Required action
Your task is to write out the entire listing exactly, omitting its pictures.

Data section
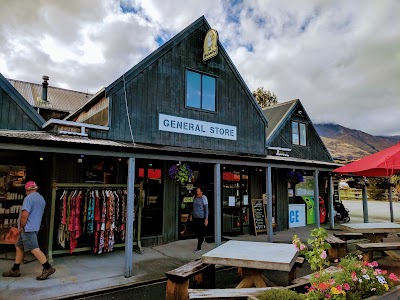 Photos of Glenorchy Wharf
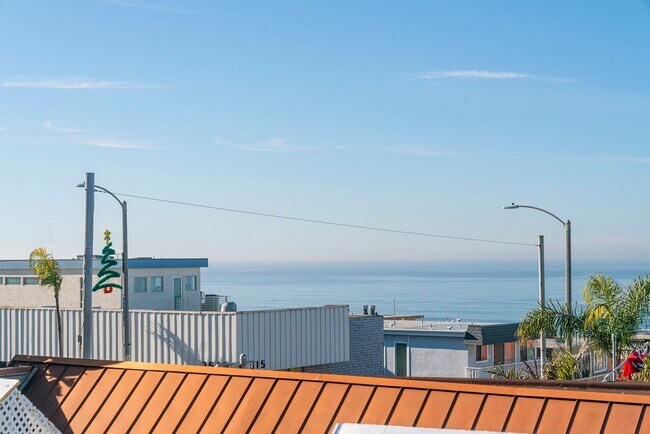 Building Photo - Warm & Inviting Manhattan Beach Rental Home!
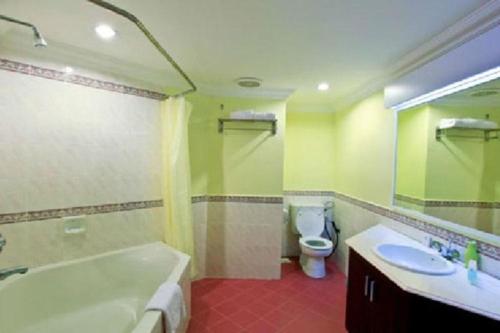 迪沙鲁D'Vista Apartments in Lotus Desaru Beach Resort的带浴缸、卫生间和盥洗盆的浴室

Task result
 Photos of Glenorchy Wharf
 Building Photo - Warm & Inviting Manhattan Beach Rental Home!
 迪沙鲁D'Vista Apartments in Lotus Desaru Beach Resort的带浴缸、卫生间和盥洗盆的浴室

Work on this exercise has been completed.